The Runaway by Morley Callaghan is the story of Michael, a boy whose life is divided between the pleasures of childhood, the pangs of love and the problems at home. “Michael was younger than some of them [his friends] but he was much bigger, his legs were long, his huge hands dangled awkwardly at his sides and his thick black hair curled up all over his head.”

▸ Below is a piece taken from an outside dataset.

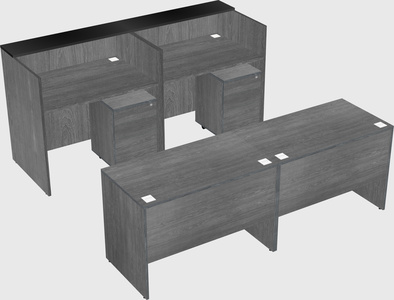 Shared u-shaped reception desks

He feels trapped in a society where everyone knows everyone and a family where his father had constant arguments with his stepmother: “… Michael could hear them arguing; he could hear his father’s firm, patient voice floating clearly out to the street; then his stepmother’s voice, mild at first, rising, becoming hysterical till at last she cried out wildly, ‘You’re setting the boy against me. You don’t want him to think of me as his mother. The two of you are against me. I know your nature.’”

It is then not a surprise that Michael feels the need to escape, to run away from everybody and visit “places with beautiful names, places like Tia Juana, Woodbine, Sartoga and Blue Bonnets.”

And one day he does exactly that! Read the story to find out all the whys, hows and wheres.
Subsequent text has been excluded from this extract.